SCMP -24 March 2012
The Environmental Protection Department’s Elvis Au keeps saying that plasma arc technology is suitable for incinerating only small amounts of highly toxic waste matter and therefore Hong Kong should proceed with its plans for a traditional mass-burn incinerator on Shek Kwu Chau.
Yet the more he says it, the more we keep falling over evidence to the contrary. The Manila Bulletin recently ran a story saying that Houston-based Quantum International and the City of Surigao in Mindanao had extended plans for a small plasma arc waste-energy plant to one that would gobble up 5,000 tonnes of municipal solid waste a day and produce 5,000 megawatts of electricity for the province.

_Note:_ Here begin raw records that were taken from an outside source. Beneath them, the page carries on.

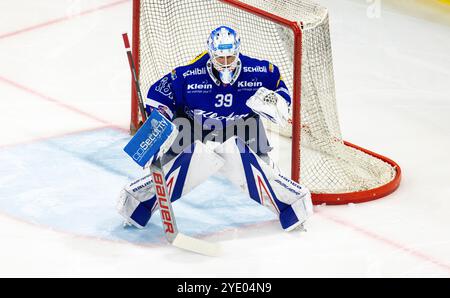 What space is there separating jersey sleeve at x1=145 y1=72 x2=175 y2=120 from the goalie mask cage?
0.56 metres

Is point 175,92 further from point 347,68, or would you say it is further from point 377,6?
point 377,6

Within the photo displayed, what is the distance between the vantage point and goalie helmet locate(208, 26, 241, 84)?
497 centimetres

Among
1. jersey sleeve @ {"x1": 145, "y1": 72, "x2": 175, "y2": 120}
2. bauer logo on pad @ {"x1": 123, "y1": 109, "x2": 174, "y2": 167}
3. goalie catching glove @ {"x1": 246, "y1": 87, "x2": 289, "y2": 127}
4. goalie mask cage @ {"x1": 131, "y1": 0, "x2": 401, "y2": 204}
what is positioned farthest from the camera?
goalie mask cage @ {"x1": 131, "y1": 0, "x2": 401, "y2": 204}

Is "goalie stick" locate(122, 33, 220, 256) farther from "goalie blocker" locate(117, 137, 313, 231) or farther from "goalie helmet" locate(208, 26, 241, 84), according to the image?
"goalie helmet" locate(208, 26, 241, 84)

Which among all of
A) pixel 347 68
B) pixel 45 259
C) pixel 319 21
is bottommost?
pixel 45 259

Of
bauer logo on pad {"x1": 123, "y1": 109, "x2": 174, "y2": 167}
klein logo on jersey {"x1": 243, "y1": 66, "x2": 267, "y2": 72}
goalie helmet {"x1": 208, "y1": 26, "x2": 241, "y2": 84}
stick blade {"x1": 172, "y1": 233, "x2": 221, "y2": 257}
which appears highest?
goalie helmet {"x1": 208, "y1": 26, "x2": 241, "y2": 84}

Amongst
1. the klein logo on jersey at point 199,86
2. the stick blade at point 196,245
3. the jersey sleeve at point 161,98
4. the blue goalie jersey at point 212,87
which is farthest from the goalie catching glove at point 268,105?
the stick blade at point 196,245

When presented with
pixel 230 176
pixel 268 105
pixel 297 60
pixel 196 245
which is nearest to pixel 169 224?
pixel 196 245

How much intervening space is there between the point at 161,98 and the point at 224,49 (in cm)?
32

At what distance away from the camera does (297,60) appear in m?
5.30

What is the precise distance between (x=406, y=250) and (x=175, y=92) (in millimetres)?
1113

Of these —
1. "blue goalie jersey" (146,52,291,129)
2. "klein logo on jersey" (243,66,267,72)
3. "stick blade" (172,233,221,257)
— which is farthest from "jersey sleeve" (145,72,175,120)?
"stick blade" (172,233,221,257)

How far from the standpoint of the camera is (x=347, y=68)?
712cm

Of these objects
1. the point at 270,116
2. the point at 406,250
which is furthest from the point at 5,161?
the point at 406,250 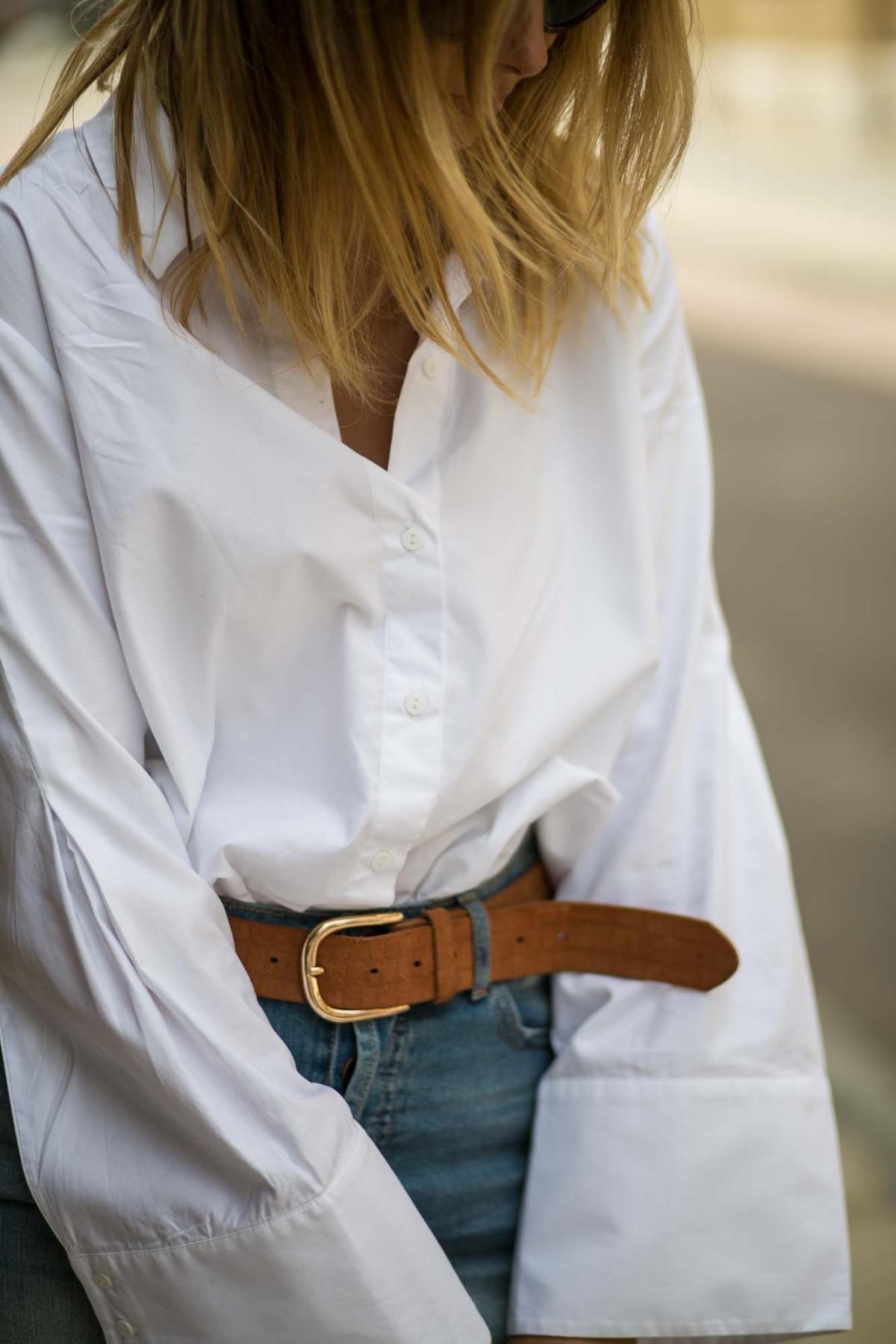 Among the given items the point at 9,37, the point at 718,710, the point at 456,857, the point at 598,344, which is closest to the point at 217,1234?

The hope is that by 2014 there will be 10 plasma arc facilities producing 13,000 megawatts of electricity a day. Earlier this month, Quantum announced it had signed preliminary agreements in China to build the largest plasma waste-energy plant in the world, without giving details.
Hopefully, Legislative councillors will next week be able to persuade the EPD to explain why a plasma arc incinerator is unsuitable for Hong Kong, when they are mushrooming all over the world.
The suspicion is that the attraction of the toxin-producing incinerator is the billions of dollars that will go to construction firms to enlarge the island.